Total revenue for our American Freight segment decreased $17.1 million or (6.6)% for the three months ended March 26, 2022 as compared to the same period last year. The decrease was attributable to a decrease in comparable store sales due to lower demand for furniture and appliances driven by government stimulus programs in the prior year period and the inflationary environment which resulted in reduced customer traffic.

Operating expenses for our American Freight segment decreased $3.2 million or (1.4)% for the three months ended March 26, 2022 as compared to the same period last year due to the decrease in commission based compensation.

The following table summarizes the operating results of the Buddy's segment:

Three Months Ended
Change
(In thousands)March 26, 2022March 27, 2021$%
Total revenues$15,585 $16,780 $(1,195)(7.1)%
Operating expenses11,520 12,507 (987)(7.9)%
Segment income 4,065 4,273 (208)(4.9)%

Total revenue for our Buddy's segment decreased $1.2 million or (7.1)% for the three months ended March 26, 2022, as compared to the same period last year. The decrease in revenue was primarily attributable to the refranchising of eight Company-owned stores on August 25, 2021. Revenue for comparable stores for the three months ended March 26, 2022 increased from $7.7 million to $9.0 million compared to the same period last year.

Operating expenses for our Buddy's segment decreased $1.0 million or (7.9)% for the three months ended March 26, 2022, as compared to the same period last year primarily due to the refranchising of eight Company-owned stores on August 21, 2021.

The Pet Supplies Plus Acquisition occurred on March 10, 2021. Because the Pet Supplies Plus Acquisition occurred during the three months ended March 27, 2021, all material income statement increases in the current period are due to the Pet Supplies Plus Acquisition.

Adjusted EBITDA

To provide additional information regarding our financial results, we have disclosed Adjusted EBITDA in the table below and within this Quarterly Report. Adjusted EBITDA represents net income (loss), before income taxes, interest expense, depreciation and amortization, and certain other items specified below. We have provided a reconciliation below of Adjusted EBITDA to net income (loss), the most directly comparable GAAP financial measure.
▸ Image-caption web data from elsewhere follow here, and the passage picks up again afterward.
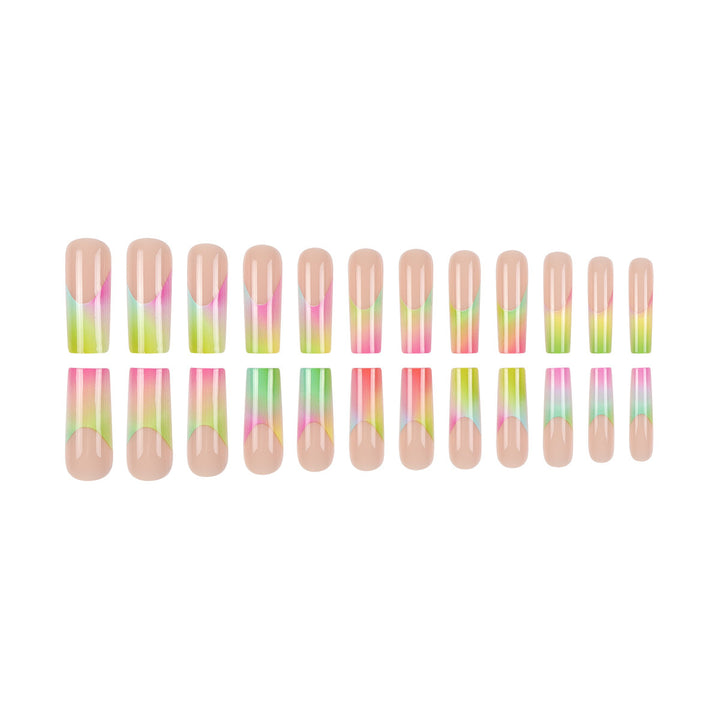 Long Ombre Press-On Nails Bowlift
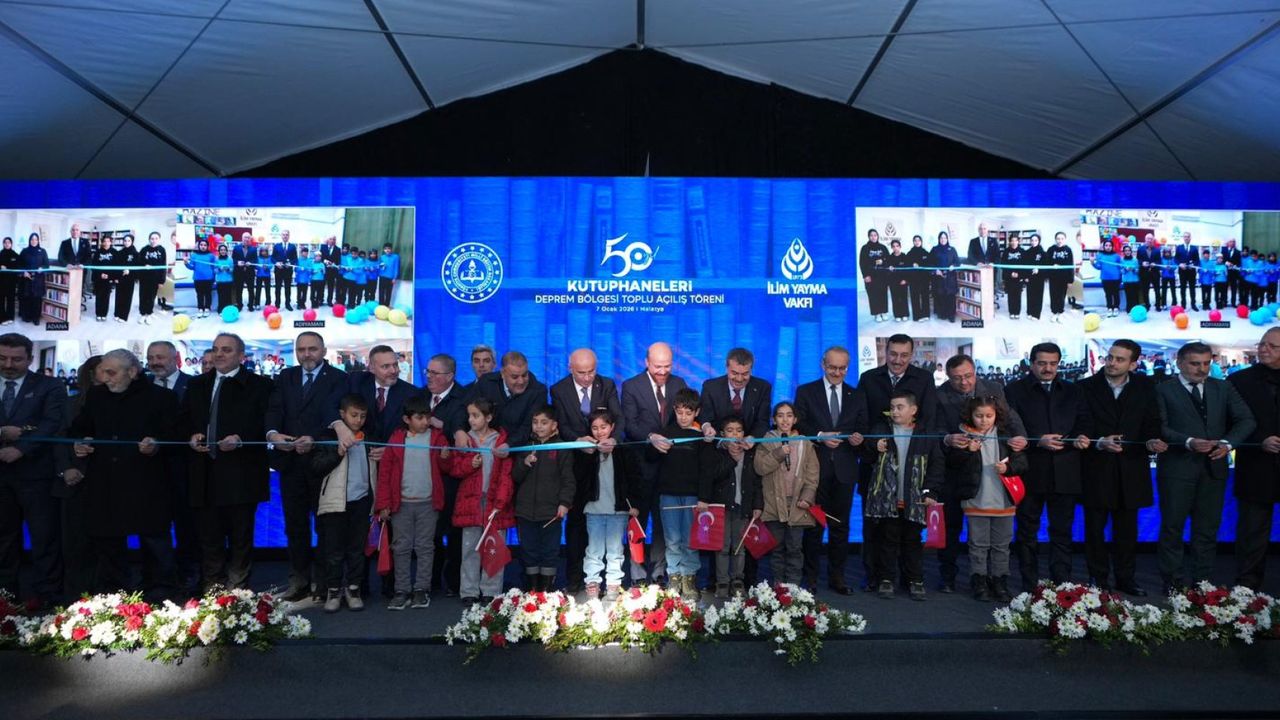 Deprem Bölgesinde 50. Yıl Kütüphaneleri Açıldı - Birlik Haber Ajansı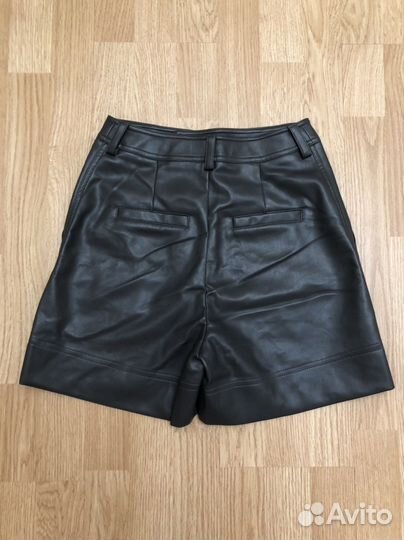 Шорты из эко кожи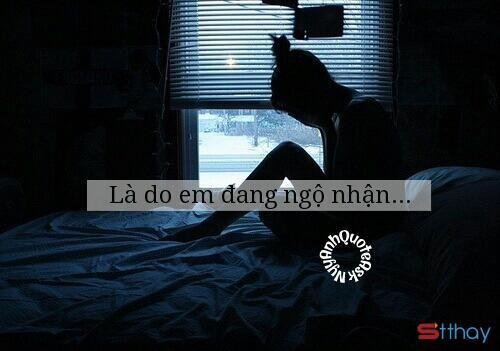 Những Stt trải lòng Là do em tự đa tình hay sao?  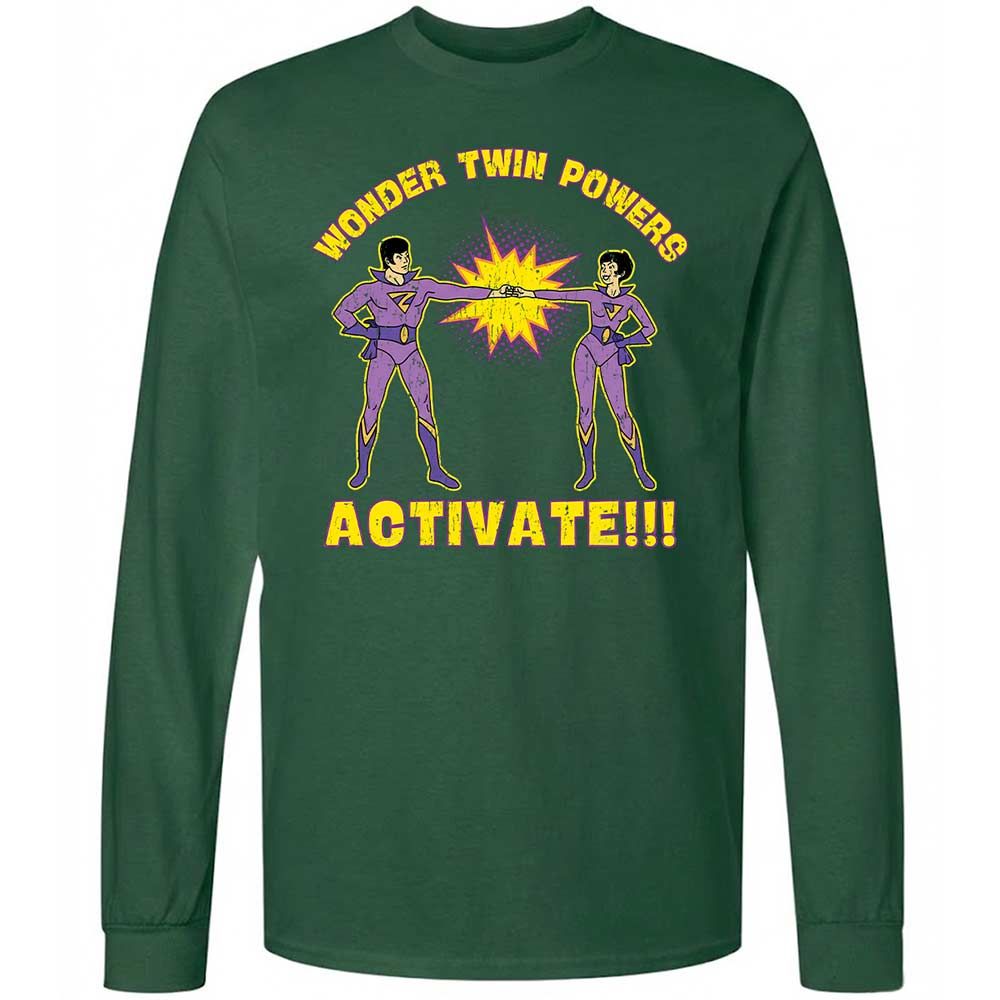 Long Sleeve T-Shirt - WC58D6PH - Forest Green - 4
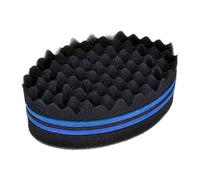Bandeau Éponge ovale brosse de cheveux de cheveux double face coiffeur en forme de cheveux en forme de cheveux bouclés magique twist brosse de cheveux éponge de coiffure Bandeau Cheveux Femme(Blue)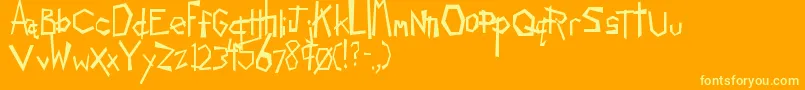 SloppyJoe Font – Yellow Fonts on Orange Background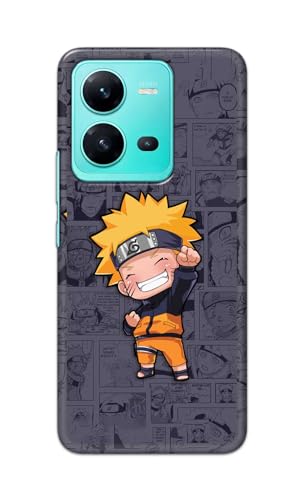 Image of PRINTFIDAA Plastic Printed Hard Back Cover Case For Vivo V25 Back Cover (Famous Anime Cartoon Character) -112, Multicolor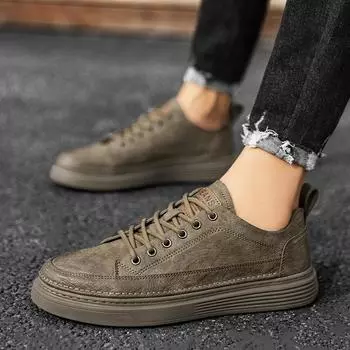 Дизайнерские классические вулканизированные мужские кроссовки, трендовые повседневные кожаные туфли, роскошные кроссовки для мужчин, для ходьбы, бега, для бега 39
We have included Adjusted EBITDA in this Quarterly Report because we believe the presentation of this measure is useful to investors as a supplemental measure in evaluating the aggregate performance of our operating businesses and in comparing our results from period to period because it excludes items that we do not believe are reflective of our core or ongoing operating results. This measure is used by our management to evaluate performance and make resource allocation decisions each period. Adjusted EBITDA is also the primary operating metric used in the determination of executive management’s compensation. In addition, a measure similar to Adjusted EBITDA is used in our credit facilities. Adjusted EBITDA is not a recognized financial measure under GAAP and may not be comparable to similarly-titled measures used by other companies in our industry. Adjusted EBITDA should not be considered in isolation from or as an alternative to net income (loss), operating income (loss), or any other performance measures derived in accordance with GAAP.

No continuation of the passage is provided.